Rough spots may occur — that is when force comes in and you work hard at what you love until you are intoxicated by loving it again.

In any relationship, then, or activity or lifestyle or goal, there must be force at times.

But force is nothing without desire.

You Are What You Want

What we do says a lot about what we desire. What we desire will be influenced by where we put ourselves and what we do. It is something I have been taught over and over again by various mentors when I go to them about achieving my goals.

My boss has thrown away designs I have sent to him and instantly demanded something different with more creativity. My mom has thrown away platefuls of a meal I made and suggested that next time I put my heart into it. My writing mentor encourages all of his students that we will never write something worth reading if we constantly compare ourselves to other people — ‘comparison is the author of failure.’

All saw through the force and wanted something that had more desire in it — there is a difference between doing something out of habit and truly wanting to do it.

Most eloquently, one of my favorite teachers phrased it this way lately:

“Goals don’t work. You have to want what you are doing. Otherwise, why even try?

He preached a sermon to go along with this message (every second of which was beautiful) but the gist was this: we can’t expect to see results if we don’t really want to do what it takes to achieve them.

We have to love the process just as much as the outcome.

Desiring God

There are good examples of this kind of sacrificial desire throughout history but the greatest of them all is in God’s love for us.

Jesus loves hearing us just as much as He loved the end goal — reigning forever over His kingdom. He laughed and cried and healed us and continues to do so because he loves us as His own body. 

In his sermon, the teacher reminded us of this — that God wants what is best for us and takes care of us when we seek Him. We can only bear fruit connected to His vine — we can only produce the kind of actions He truly finds admirable if we love Him and seek Him daily.
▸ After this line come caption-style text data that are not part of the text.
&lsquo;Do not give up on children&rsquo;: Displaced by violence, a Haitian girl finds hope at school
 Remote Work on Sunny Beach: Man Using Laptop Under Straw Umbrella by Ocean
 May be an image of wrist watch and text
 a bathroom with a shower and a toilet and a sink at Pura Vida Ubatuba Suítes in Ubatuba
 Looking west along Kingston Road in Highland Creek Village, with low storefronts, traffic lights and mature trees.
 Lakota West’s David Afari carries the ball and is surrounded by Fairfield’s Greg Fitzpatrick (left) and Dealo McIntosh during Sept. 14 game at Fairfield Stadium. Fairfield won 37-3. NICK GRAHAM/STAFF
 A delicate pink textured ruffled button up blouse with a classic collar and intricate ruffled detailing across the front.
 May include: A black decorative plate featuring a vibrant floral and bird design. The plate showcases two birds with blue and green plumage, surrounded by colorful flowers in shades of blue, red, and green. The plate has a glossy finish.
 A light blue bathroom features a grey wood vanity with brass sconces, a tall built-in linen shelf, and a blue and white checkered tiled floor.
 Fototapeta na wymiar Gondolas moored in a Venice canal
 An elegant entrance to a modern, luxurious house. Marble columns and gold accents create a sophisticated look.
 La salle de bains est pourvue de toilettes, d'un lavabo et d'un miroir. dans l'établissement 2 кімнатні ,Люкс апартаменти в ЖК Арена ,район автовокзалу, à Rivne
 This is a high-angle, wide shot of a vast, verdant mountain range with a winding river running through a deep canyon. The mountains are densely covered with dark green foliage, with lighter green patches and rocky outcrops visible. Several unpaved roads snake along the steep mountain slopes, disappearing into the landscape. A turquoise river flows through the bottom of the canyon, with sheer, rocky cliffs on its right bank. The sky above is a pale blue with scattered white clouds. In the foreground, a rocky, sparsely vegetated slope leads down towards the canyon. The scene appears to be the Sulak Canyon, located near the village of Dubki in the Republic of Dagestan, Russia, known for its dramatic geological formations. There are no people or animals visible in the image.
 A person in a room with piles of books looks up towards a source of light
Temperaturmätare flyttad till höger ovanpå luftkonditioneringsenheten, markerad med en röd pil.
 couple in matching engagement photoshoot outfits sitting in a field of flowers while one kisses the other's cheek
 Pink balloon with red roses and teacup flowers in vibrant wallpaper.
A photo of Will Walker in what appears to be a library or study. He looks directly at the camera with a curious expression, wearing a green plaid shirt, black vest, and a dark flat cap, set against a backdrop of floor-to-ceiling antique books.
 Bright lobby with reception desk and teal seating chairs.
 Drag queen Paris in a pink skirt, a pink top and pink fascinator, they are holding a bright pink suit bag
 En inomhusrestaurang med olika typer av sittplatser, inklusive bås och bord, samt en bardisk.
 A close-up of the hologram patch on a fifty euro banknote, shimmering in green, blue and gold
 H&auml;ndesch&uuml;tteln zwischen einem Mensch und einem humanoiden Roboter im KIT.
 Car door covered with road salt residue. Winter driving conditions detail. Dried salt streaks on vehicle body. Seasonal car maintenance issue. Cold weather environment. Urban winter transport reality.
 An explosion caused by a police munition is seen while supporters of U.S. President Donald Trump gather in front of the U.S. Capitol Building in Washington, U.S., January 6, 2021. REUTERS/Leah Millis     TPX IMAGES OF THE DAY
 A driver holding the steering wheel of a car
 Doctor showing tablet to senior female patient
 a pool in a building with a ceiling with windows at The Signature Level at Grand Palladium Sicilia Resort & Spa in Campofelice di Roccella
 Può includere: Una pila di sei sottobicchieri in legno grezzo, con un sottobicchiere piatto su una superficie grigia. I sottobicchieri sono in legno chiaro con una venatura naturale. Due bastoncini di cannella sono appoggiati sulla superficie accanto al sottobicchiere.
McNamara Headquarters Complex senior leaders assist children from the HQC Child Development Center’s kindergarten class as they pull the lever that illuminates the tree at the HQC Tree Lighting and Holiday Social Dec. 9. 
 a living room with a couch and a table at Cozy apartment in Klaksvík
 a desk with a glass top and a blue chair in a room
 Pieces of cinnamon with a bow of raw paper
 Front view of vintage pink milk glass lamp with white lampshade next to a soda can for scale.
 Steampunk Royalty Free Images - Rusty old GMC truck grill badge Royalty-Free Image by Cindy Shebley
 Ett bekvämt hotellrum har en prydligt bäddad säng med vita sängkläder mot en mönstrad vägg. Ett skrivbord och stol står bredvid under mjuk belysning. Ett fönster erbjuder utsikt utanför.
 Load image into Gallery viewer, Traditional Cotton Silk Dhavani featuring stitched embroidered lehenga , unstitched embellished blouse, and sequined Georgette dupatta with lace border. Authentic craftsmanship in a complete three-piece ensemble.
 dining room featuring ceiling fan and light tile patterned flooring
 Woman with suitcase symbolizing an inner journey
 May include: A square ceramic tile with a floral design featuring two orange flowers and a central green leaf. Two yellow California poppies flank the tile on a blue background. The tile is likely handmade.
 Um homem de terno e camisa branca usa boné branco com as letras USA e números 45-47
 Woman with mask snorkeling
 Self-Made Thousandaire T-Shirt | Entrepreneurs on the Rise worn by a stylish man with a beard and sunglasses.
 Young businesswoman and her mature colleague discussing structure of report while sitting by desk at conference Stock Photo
“Don’t cut yourself off from the Lord’s mercy and goodness and justice and expect to do what he wants you to do. He wants to sustain you and he wants to see you reach your goals. Do you have the kind of goals that please him or that don’t?”

This is what the pastor left us with. ‘If your prayers were answered and your goals fulfilled magically when you woke up in the morning, would anyone be benefited but you?’ What are you seeking after? Who are your goals for? 

What our goals are — how reasonable they are — has a lot to do with whether or not we reach them.

But it also has a lot to do with whether or not we should.